House begins gambling debate

House chamber (file photo)

A bill intended to prevent voter suppression was passed by the House of Delegates 90-46 on Tuesday, after a heated argument between Democrats and Republicans about the impact of the legislation on Marylanders’ civil rights.

HB220, which passed along party lines, would enable the attorney general to go to court and seek injunctive relief in cases where the attorney general believes voter intimidation and ballot fraud has a high probability of influencing the results of an election.

Democrats supporting the bill said that it would provide the state with an additional tool to deter voter suppression, since the attorney general could sue on behalf of disenfranchised voters who did not take legal action. The bill’s advocates also argued that courts need to intervene in cases of voter intimidation and fraud before an election is decided rather than after, as it could influence the results.

Republicans contested those claims, arguing that the bill will set a dangerous precedent that could be used to squelch political dissent. They warned that if the definition of voter intimidation was left up to interpretation, it could be misapplied to legitimate speech, and citizens could be silenced prior to an election.

Legislation calls for attorney general to spot violations

Republicans also accused Attorney General Doug Gansler of being a political partisan who could not be trusted to maintain the integrity of state elections.

“We can all agree that voter intimidation and fraud is the sort of conduct we should not have in an election,”  said Del. Anthony O’Donnell, R-Calvert and St. Mary’s Counties.  “The problem is that we are going to have a partisan deciding when to intervene in these cases, and you don’t want politics to be involved in these decisions.”

O’Donnell said that a neutral party should have the final say on whether the state pursued legal action against election law violators and that a political figure is likely to be influenced by partisan feelings.

But Del. Sandy Rosenberg, D-Baltimore City, said that Republican concerns about partisan enforcement of election laws were unwarranted.

“If this law is passed, the Attorney General can’t get an injunction on his own; he must get it approved by a nonpartisan judge,” Rosenberg said.

Republicans question First Amendment impact

But Republican lawmakers argued that the bill served a darker purpose. Del. Justin Ready, R-Carroll County, argued that the bill could be used to silence the governor’s critics.

“This bill gives the Attorney General the opportunity to stop a mailing from going out that hasn’t gone out yet on the auspices that it intimidates voters,” Ready said.

Del.  Ron George, R-Anne Arundel County, said that the bill was excessively intrusive and punitive.  “The state does not need a tool to punish people for crimes they have not committed yet,” he said.  “These injunctions presume guilt.”
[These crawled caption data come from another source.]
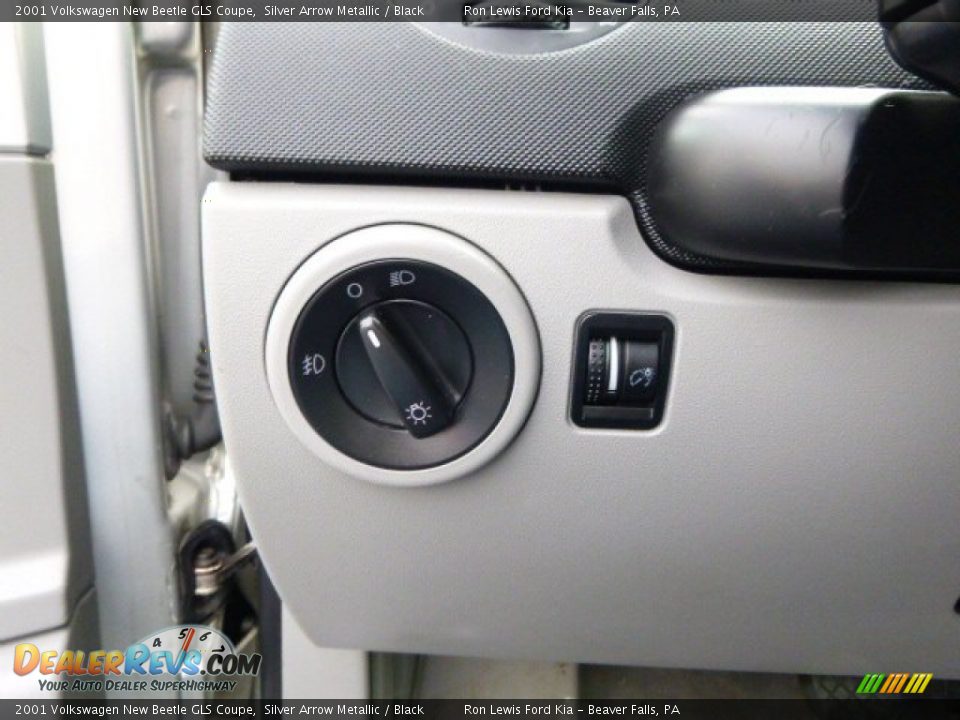 2001 Volkswagen New Beetle GLS Coupe Silver Arrow Metallic / Black Photo #18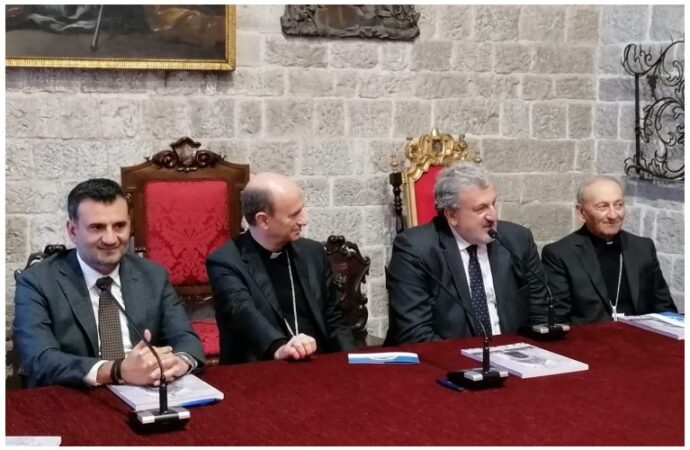 Puglia. Emiliano, “grande responsabilità e gioia immensa avere Papa Francesco e Mattarella a Bari”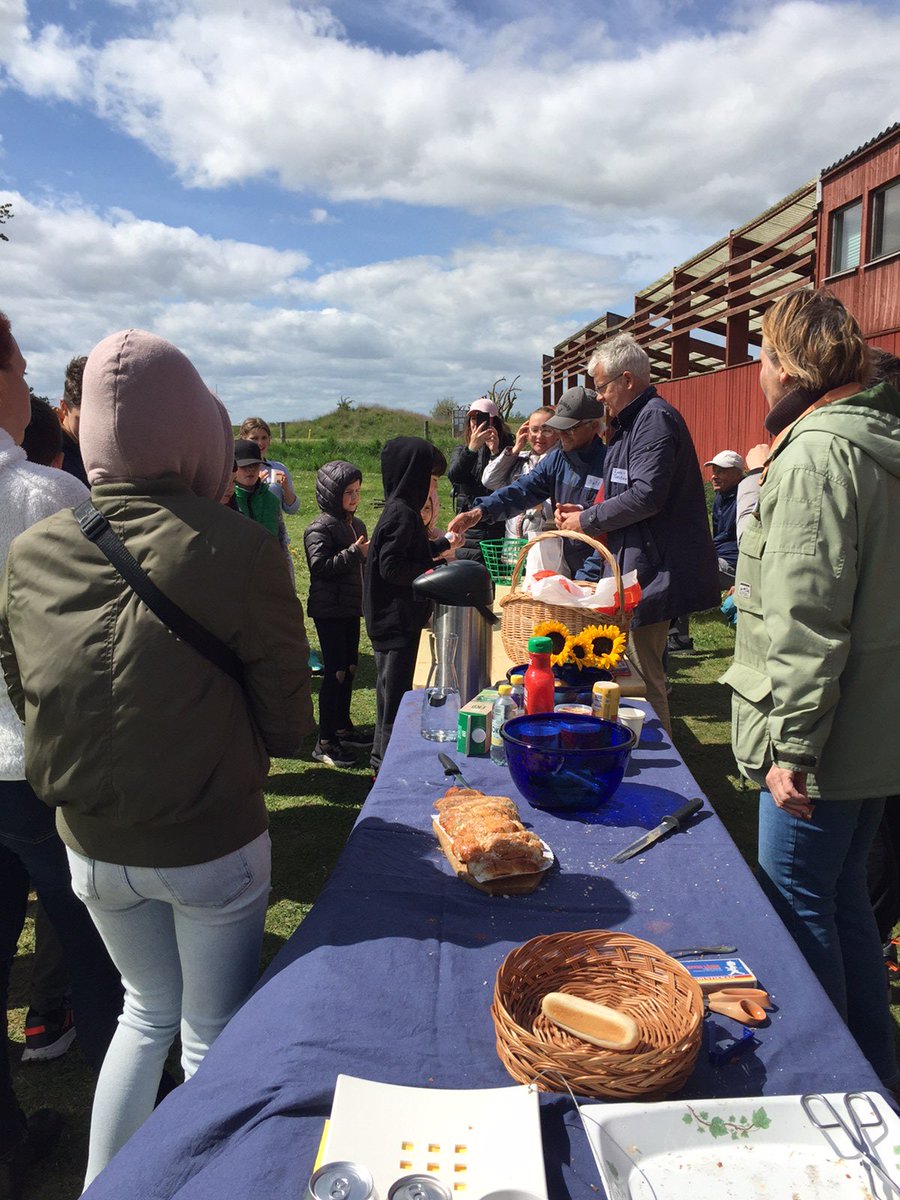 Prisutdelning till alla barn på dagens golf med korv- evenemang på Värpinge För våra Ukrainska vänner🏌️‍♀️🌭🇺🇦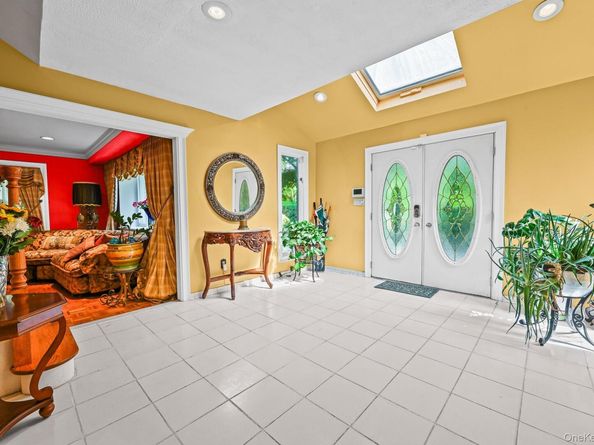 23 Pettit Drive, Dix Hills NY 11746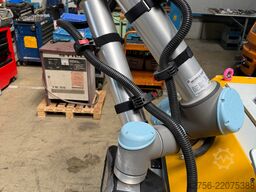 Universal Robots UR10 Cobot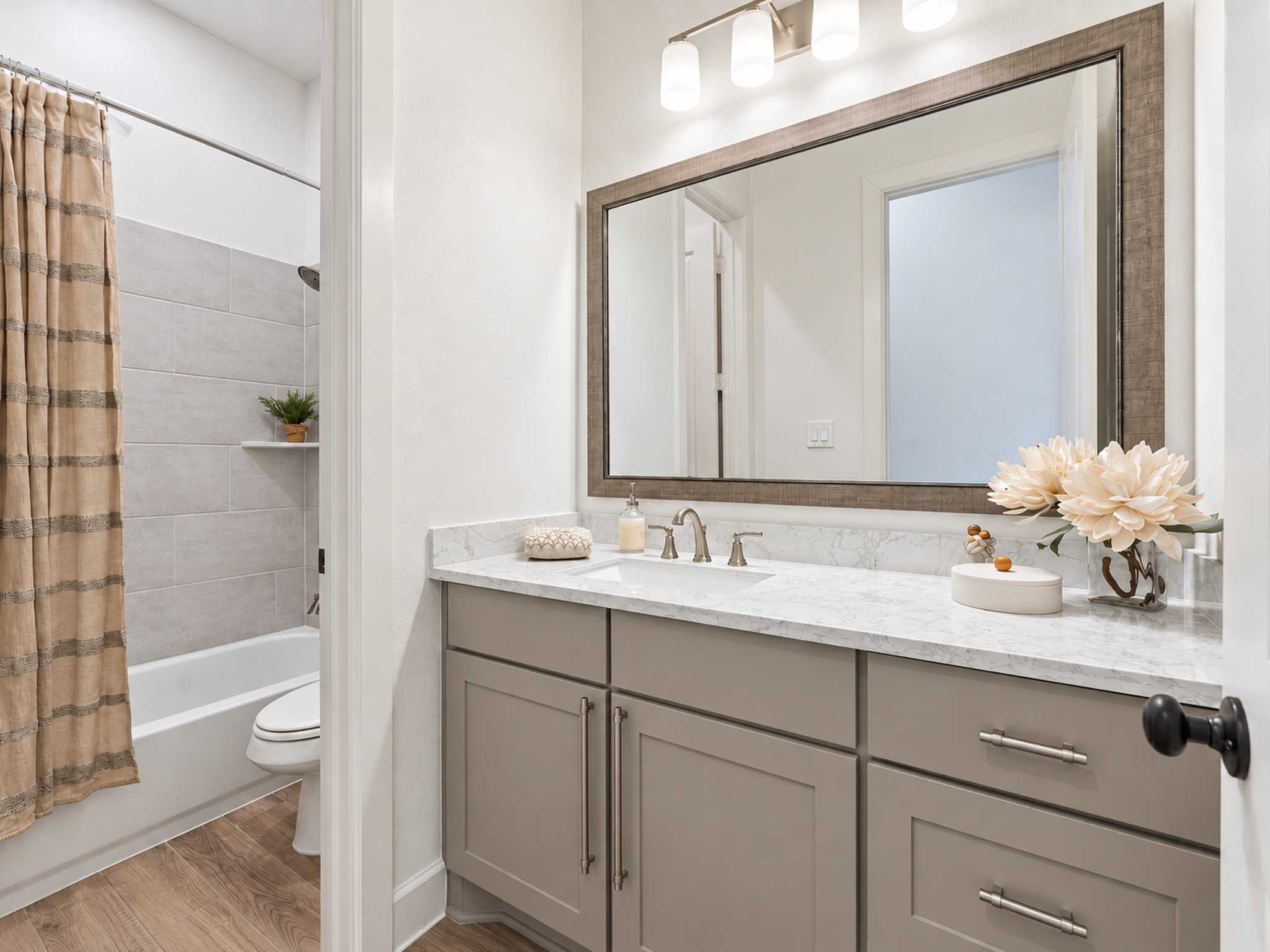 607 Starlit Sky Court Property Photo 40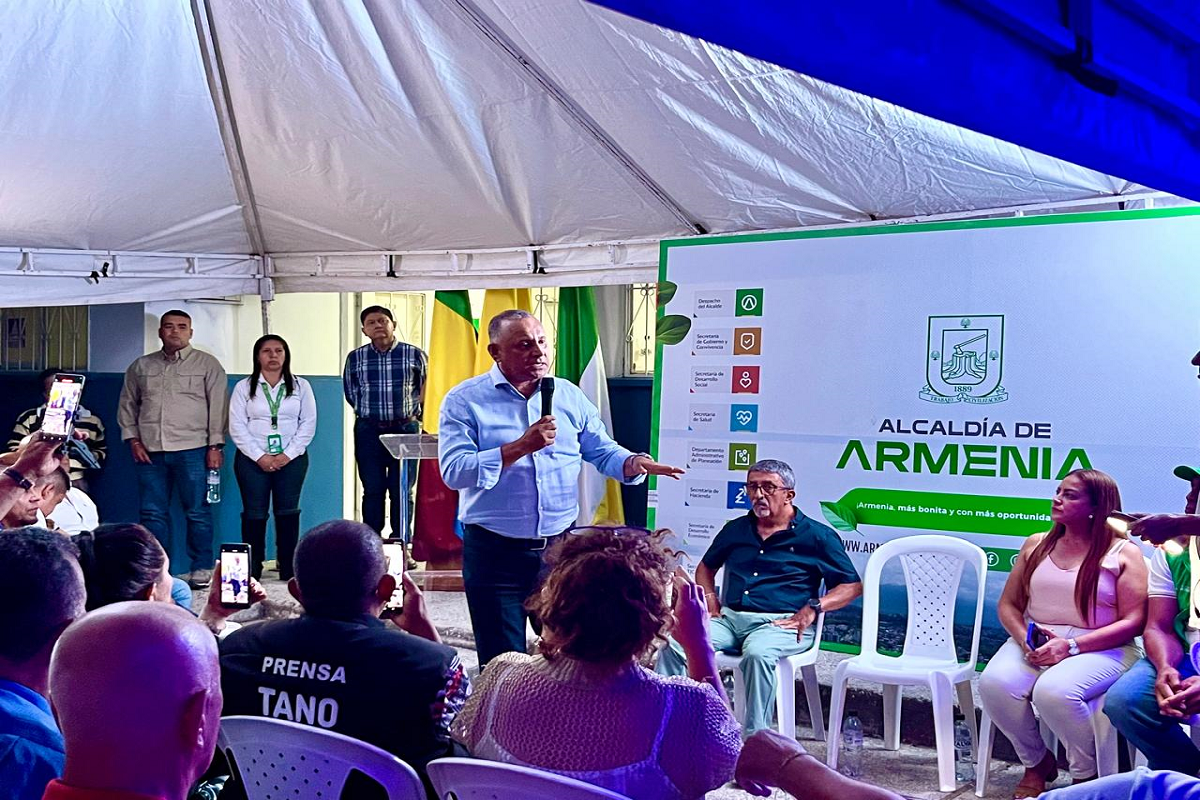 FOTO NOTA ANUNCIO UN KILOMETRO MAS DE VIA EN EL CAIMO 2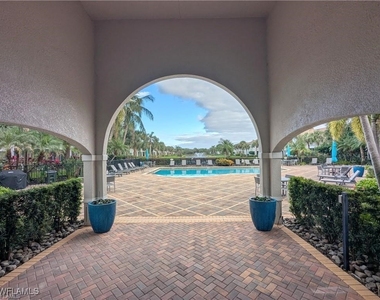 12839 Carrington Circle - Photo Thumbnail 17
Bill modeled on federal Voting Rights Act

Rosenberg replied to this criticism, arguing that HB 220 was not a radical departure from current state law and that it was modeled after a provision of a federal law, the Voting Rights Act, that was enacted during the 1960s to prevent the suppression of the black vote.

“The conduct addressed in this bill is not protected by either the Constitution or the First Amendment,” Rosenberg said.  “We’re talking about force, fraud, threats, intimidation, and bribery.  None of that is protected speech under the First Amendment.”

Del. Jon Cardin, D-Baltimore County, also defended the law.

“It protects every Marylander from fraud and intimidation in the election,” Cardin said.

But Del. Mike Smigiel, R-Caroline, Cecil, Kent and Queen Anne’s counties, argued that the bill compromised the American civil rights enshrined in the First Amendment.

“If we are going to vote to limit those rights, we ought to do so with hesitation,” he said.  “I took an oath to uphold the Constitution, and that oath does not wear off.”